He said the exhumation and reburials of Gukurahundi victims remains top of the NPRC agenda.
Rtd Justice Nare commended Government for working on a policy that would guide the process. “At the moment the policy is being worked on and several stakeholders including the NPRC are involved. It is being spearheaded by the Ministry of Home Affairs and Cultural Heritage. The exhumation and reburial policy that exists only covered episodes that happened up to 1979 but the new policy is holistic as it covers events that occurred after 1980,” said Rtd Justice Nare.
He said once the policy is out and approved by Government, the process of exhumations and reburials will then follow guided by the policy.
“This will see some of the people who were improperly buried being reburied according to their norms and culture,” he said.
Rtd Justice Nare said Zimbabwe needs a healing process as a lot of people are hurt as a result of some unresolved conflicts.
He said before conducting public hearings, the commission needs to counsel victims affected by various conflicts, including Gukurahundi.
Rtd Jutice Nare said counselling enables some victims to openly speak about hurtful things, which is very vital in the healing and reconciliation process.
“If you take into consideration the conflicts that have occurred in the past, you’ll realise that people have been boiling but they have not had an opportunity to open up.
“This is an opportunity for people to open up on something that they were not discussing from the 1980s.
“We know that some people are going to break down hence offering of psychological social support is important in order to encourage people to open up,” he said.
Rtd Justice Nare said NPRC will continue offering psycho-social support to victims as long as there is need for such a service.
Asked if it was not too late for counselling, Rtd Justice Nare said:
“That sort of thing is continuous, it’s not too late as it were.
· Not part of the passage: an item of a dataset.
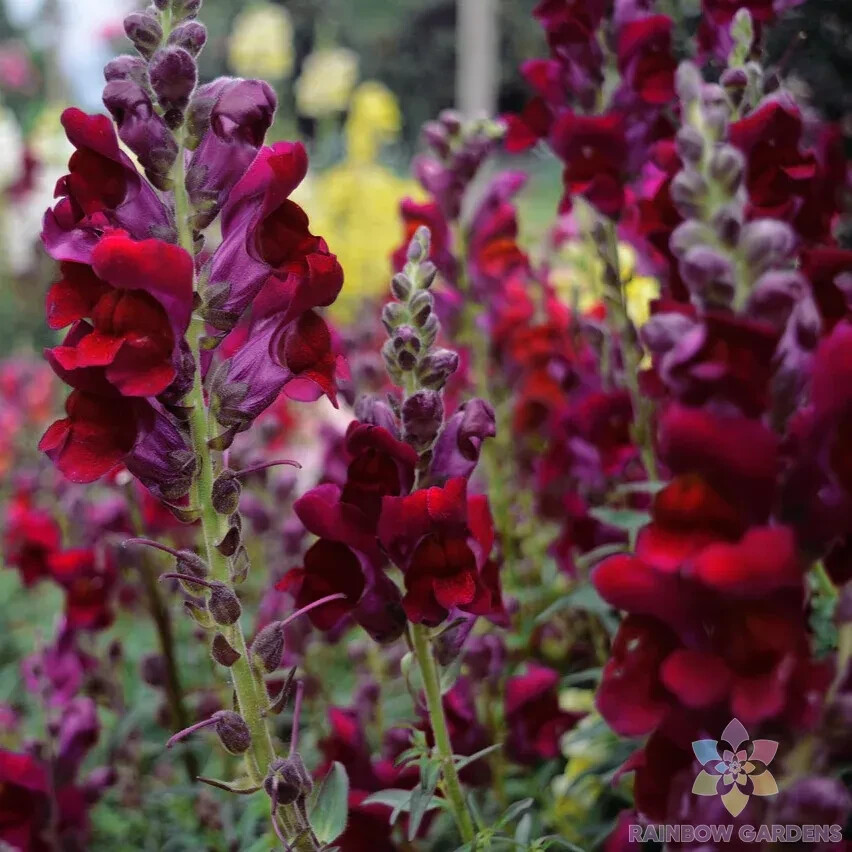 1000+ Snappy Black Prince Snapdragon Seeds for Garden – USA – FREE SHIPPING!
I think there is time when people need to be counselled, remember when there was this agreement (Unity Accord) between the Presidency in the 1987, the grassroots had not been involved, it was the top hierarchy. It’s the grassroots that must be involved, it’s the grassroots that need to be looked into.”
The High Court in Bulawayo recently dismissed an application by a pressure group, Ibhetshu Likazulu and alleged Gukurahundi survivor Charles Thomas to block exhumation and reburials of Gukurahundi victims.
The applicants had rushed to the courts claiming that President Mnangagwa, Home Affairs and Cultural Heritage Minister Kazembe Kazembe and Ms Jenny Williams of Matabeleland Collective wanted Government to illegally exhume and rebury Gukurahundi victims.
Justice Martin Makonese threw out the applicants’ case for being presumptuous and premature as there was no evidence that Government wanted to rush exhumations and reburials of Gukurahundi victims.